• WHAT IS REQUIRED
Reproduce the data below in full. Nothing should differ from the original.

• EXTRACTED MATERIAL
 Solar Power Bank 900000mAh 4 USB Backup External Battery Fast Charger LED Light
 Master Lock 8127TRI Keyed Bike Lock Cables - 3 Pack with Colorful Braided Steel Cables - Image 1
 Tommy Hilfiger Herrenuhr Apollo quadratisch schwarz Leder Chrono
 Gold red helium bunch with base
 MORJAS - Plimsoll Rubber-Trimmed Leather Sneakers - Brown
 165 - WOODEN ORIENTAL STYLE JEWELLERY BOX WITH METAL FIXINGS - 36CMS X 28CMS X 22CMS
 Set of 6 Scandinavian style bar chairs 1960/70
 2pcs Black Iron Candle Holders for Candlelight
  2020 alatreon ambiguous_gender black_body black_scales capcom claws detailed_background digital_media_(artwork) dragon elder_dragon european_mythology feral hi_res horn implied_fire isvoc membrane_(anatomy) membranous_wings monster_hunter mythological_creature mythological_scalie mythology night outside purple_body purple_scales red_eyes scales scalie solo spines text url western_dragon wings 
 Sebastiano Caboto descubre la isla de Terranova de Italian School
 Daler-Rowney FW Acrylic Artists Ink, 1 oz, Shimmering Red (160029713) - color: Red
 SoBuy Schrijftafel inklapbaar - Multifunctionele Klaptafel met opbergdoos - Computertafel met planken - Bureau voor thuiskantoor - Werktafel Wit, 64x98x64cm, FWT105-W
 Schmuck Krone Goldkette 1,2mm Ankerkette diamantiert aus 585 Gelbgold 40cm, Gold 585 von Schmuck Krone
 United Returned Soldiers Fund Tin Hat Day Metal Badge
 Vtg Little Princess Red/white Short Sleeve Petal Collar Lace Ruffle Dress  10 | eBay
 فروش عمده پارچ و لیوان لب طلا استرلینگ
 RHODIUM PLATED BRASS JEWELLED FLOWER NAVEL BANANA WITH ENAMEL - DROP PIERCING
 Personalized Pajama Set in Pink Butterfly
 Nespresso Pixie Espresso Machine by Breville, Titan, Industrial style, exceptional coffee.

• EXERCISE ANSWER
 Solar Power Bank 900000mAh 4 USB Backup External Battery Fast Charger LED Light
 Master Lock 8127TRI Keyed Bike Lock Cables - 3 Pack with Colorful Braided Steel Cables - Image 1
 Tommy Hilfiger Herrenuhr Apollo quadratisch schwarz Leder Chrono
 Gold red helium bunch with base
 MORJAS - Plimsoll Rubber-Trimmed Leather Sneakers - Brown
 165 - WOODEN ORIENTAL STYLE JEWELLERY BOX WITH METAL FIXINGS - 36CMS X 28CMS X 22CMS
 Set of 6 Scandinavian style bar chairs 1960/70
 2pcs Black Iron Candle Holders for Candlelight
  2020 alatreon ambiguous_gender black_body black_scales capcom claws detailed_background digital_media_(artwork) dragon elder_dragon european_mythology feral hi_res horn implied_fire isvoc membrane_(anatomy) membranous_wings monster_hunter mythological_creature mythological_scalie mythology night outside purple_body purple_scales red_eyes scales scalie solo spines text url western_dragon wings 
 Sebastiano Caboto descubre la isla de Terranova de Italian School
 Daler-Rowney FW Acrylic Artists Ink, 1 oz, Shimmering Red (160029713) - color: Red
 SoBuy Schrijftafel inklapbaar - Multifunctionele Klaptafel met opbergdoos - Computertafel met planken - Bureau voor thuiskantoor - Werktafel Wit, 64x98x64cm, FWT105-W
 Schmuck Krone Goldkette 1,2mm Ankerkette diamantiert aus 585 Gelbgold 40cm, Gold 585 von Schmuck Krone
 United Returned Soldiers Fund Tin Hat Day Metal Badge
 Vtg Little Princess Red/white Short Sleeve Petal Collar Lace Ruffle Dress  10 | eBay
 فروش عمده پارچ و لیوان لب طلا استرلینگ
 RHODIUM PLATED BRASS JEWELLED FLOWER NAVEL BANANA WITH ENAMEL - DROP PIERCING
 Personalized Pajama Set in Pink Butterfly
 Nespresso Pixie Espresso Machine by Breville, Titan, Industrial style, exceptional coffee.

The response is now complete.